ASSIGNMENT:
Take the entries below and print only the lines from the one with "2-к кв. Москва" through the one with "ビワ葉エキス10:1、陝西省信頼できるメーカー、在庫あり、ビワ葉粉末、食品グレード - Product", exactly as they stand, both ends included.

INFORMATION:
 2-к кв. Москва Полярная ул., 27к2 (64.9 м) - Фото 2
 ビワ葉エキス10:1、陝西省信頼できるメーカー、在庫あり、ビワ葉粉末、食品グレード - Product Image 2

==

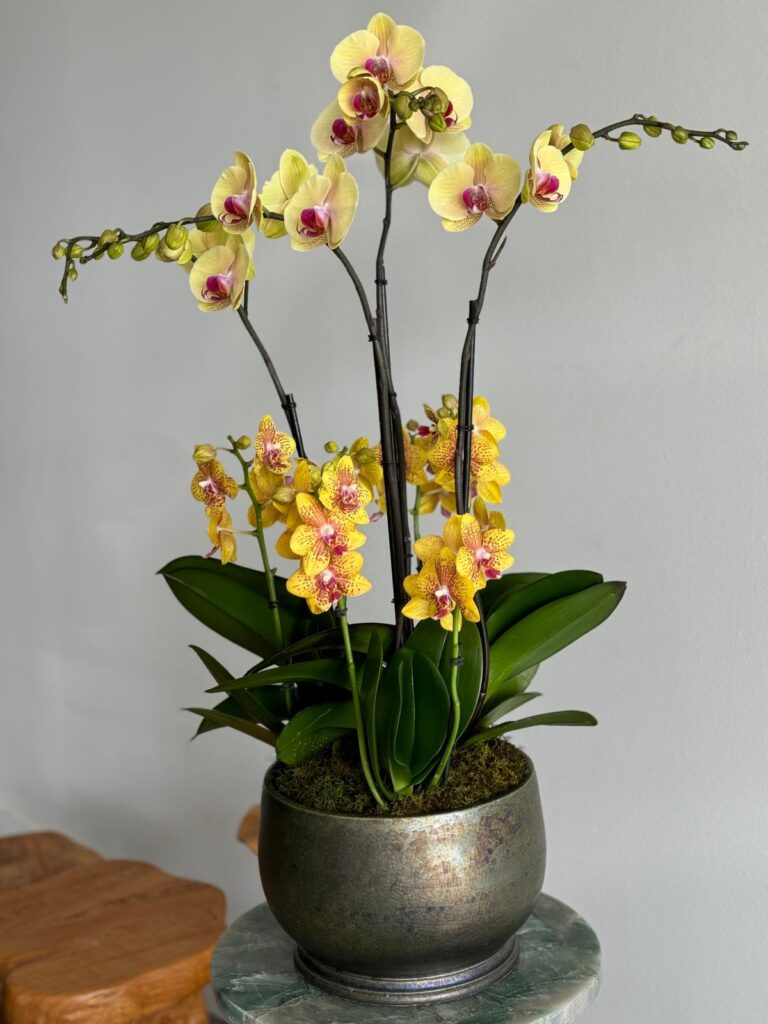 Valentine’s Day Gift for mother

REPLY:
 2-к кв. Москва Полярная ул., 27к2 (64.9 м) - Фото 2
 ビワ葉エキス10:1、陝西省信頼できるメーカー、在庫あり、ビワ葉粉末、食品グレード - Product Image 2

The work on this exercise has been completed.